La Sagrada Escritura presenta el ayuno como algo que es bueno, beneficioso y esperado. El libro de Hechos registra el ayuno de creyentes antes de hacer decisiones importantes (Hechos 13,4; 14,23). El ayuno con frecuencia va ligado a la oración (Lucas 2,37; 5,33). El ayuno es una manera de demostrar a Dios, y a nosotros mismos, que tomamos en serio la relación con Él. El ayuno nos ayuda a obtener una nueva perspectiva y una renovada confianza hacia Dios. La intención del ayuno no es castigar al cuerpo, sino el enfocarse en Dios. El ayuno no es una manera de aparecer más espirituales que otros. El ayuno es para hacerse en un espíritu de humildad y una actitud gozosa. (cfr. Mateo 6, 16-18).

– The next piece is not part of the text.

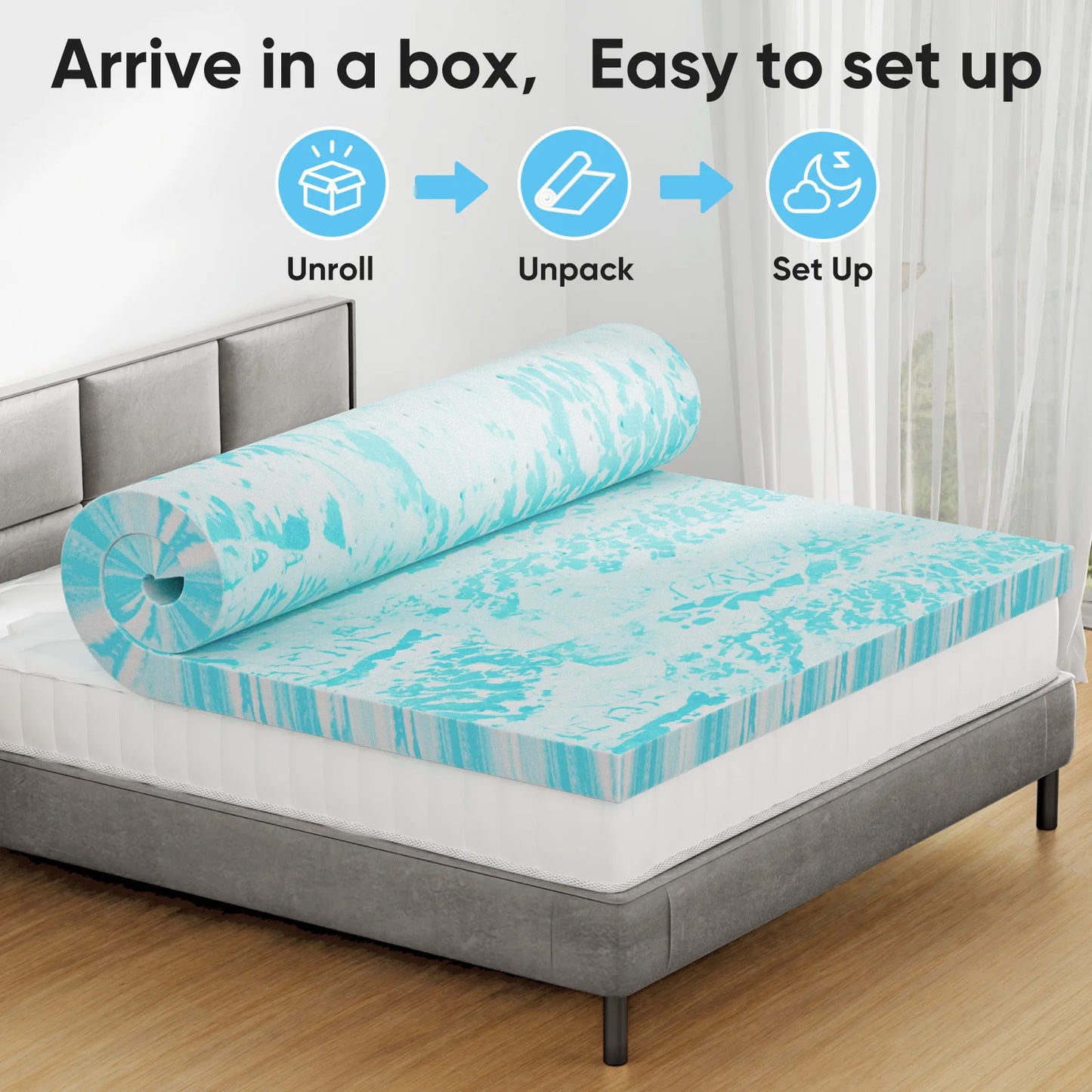 Memory Foam Mattress Topper Cooling Mattress Breathable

San Pedro Crisólogo, enseñaba: “El ayuno es el alma de la oración, y la misericordia es la vida del ayuno. Por tanto, quien ora, que ayune; quien ayuna, que se compadezca; que preste oídos a quien le suplica aquel que, al suplicar, desea que se le oiga, pues Dios presta oído a quien no cierra los suyos al que le súplica” (Sermón 43: PL 52, 320, 332).
El Papa Francisco enseña que el ayuno nos debe llevar a una vida sobria: “El segundo elemento significativo del camino cuaresmal es el ayuno. Debemos estar atentos a no practicar un ayuno formal, o que en verdad nos “sacia” porque nos hace sentir satisfechos. El ayuno tiene sentido si verdaderamente menoscaba nuestra seguridad, e incluso si de ello se deriva un beneficio para los demás, si nos ayuda a cultivar el estilo del Buen Samaritano, que se inclina sobre el hermano en dificultad y se ocupa de él.
El
ayuno comporta la elección de una vida sobria, en su estilo; una vida que no
derrocha, una vida que no “descarta”. Ayunar nos ayuda a entrenar el
corazón en la esencialidad y en el compartir. Es un signo de toma de conciencia
y de responsabilidad ante las injusticias, los atropellos, especialmente
respecto a los pobres y los pequeños, y es signo de la confianza que ponemos en
Dios y en su providencia. (cfr. Homilía, 5 de marzo de 2014).